Mit dem Sarg auf dem höhenverstellbaren Wagen bewegen wir uns leise den Flur entlang. Die Pflegende, die dazu kommt, öffnet uns die Türe zum Bewohnerinnenzimmer. Die Abholzeiten für den Bestatter sind von Heim zu Heim verschieden. Während die einen Häuser eine Abholung der Hingeschiedenen erst nach 18.00 Uhr und wenn möglich durch den Hintereingang bevorzugen, setzen andere ein klares Zeichen damit, dass die Abholung auch tagsüber und ausnahmslos durch das Hauptportal passiert.

Beim Betreten des Zimmers empfängt uns ein angenehmer Duft. Die Frau liegt sorgfältig gekämmt und mit einem langen Rock bekleidet auf ihrem Bett. In den gefalteten Händen hält sie ein paar Rosen, die ihre Familie beim wahrlich letzten Besuch aus dem eigenen Garten mitgebracht hatte. Auf dem Nachttisch steht ein gerahmtes Bild ihres Mannes, welches unbedingt mit in den Sarg soll. Trotz der fahlen Gesichtsfarbe sieht sie gut aus, die Gesichtszüge entspannt, nicht schlafend, eher ruhend, entrückt, offensichtlich aus dem Leben.

Die Pflegende hilft uns, den mageren Körper mit einer sanften Bewegung vom Bett in den Sarg zu ziehen. Während ich ihr die Schuhe über die kühlen Füsse streife, legt Hans-Jörg das Bild mit in den Sarg und trifft letzte Absprachen mit der Heimleiterin.

Sorgfältig schliessen wir den Sarg und rollen ihn durch den Hauptausgang zum Wagen. Sie sitzen noch immer da, die vier Frauen.
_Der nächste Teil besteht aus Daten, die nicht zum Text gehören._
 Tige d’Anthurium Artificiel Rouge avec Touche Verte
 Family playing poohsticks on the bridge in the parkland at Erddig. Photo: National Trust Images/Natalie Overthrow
Sie schweigen, schauen uns nach und ich verwerfe den Gedanken, was beim Anblick dieses Szenarios in ihren Köpfen vorgeht, welche Emotionen es zurücklässt. Gerade weil mir die Nähe zu alten Menschen behagt und ich den Austausch schon immer gerne mochte, lastet diesem Augenblick eine schier erstickende Schwere an.

Auf der Fahrt zum Krematorium erfahre ich mehr über die Herausforderungen einer Überführung von Verstorbenen aus dem Ausland zurück in die Schweiz. Der administrative Aufwand erhöhe sich massiv und es muss erst ein Leichenpass eingeholt werden. Wesentlich einfacher sei es, den Verstorbenen im Ausland kremieren zu lassen, denn eine Urne kann auf dem Flug als Handgepäck mitgeführt werden. Der erhabene Wagen rollt vor das mit «Anlieferung» beschriftete Tor. Durch Knopfdruck auf der Fernbedienung schiebt es sich langsam zur Seite und gibt die Zufahrt aufs Areal frei. Während mir Hans-Jörg unter der gedeckten Einfahrt noch etwas über die verschiedenen Urnengrabarten erzählt, wandern meine Gedanken schon ins Innere des Gebäudes. Kaum in den grosszügigen Korridor eingebogen, bemerkt er, dass nur wenige der 12 Aufbahrungs-Zimmer belegt sind. Er erkenne das daran, dass an der Wand davor drei Sargdeckel hängen. Konzentriert beschriftet er zwei kleine Tafeln mit dem Namen der Verstorbenen und noch bevor er je eines an der inneren und äusseren Türe anbringt, stellt er die Kühlung im Aufbahrungs-Sockel ein. Behutsam schrauben wir die Sargnägel aus dem Holz und heben den Deckel ab. Er ist so leicht, dass ich ihn alleine an die angedachte Vorrichtung hängen kann, unterdessen platziert der Bestatter den Sarg auf dem Sockel.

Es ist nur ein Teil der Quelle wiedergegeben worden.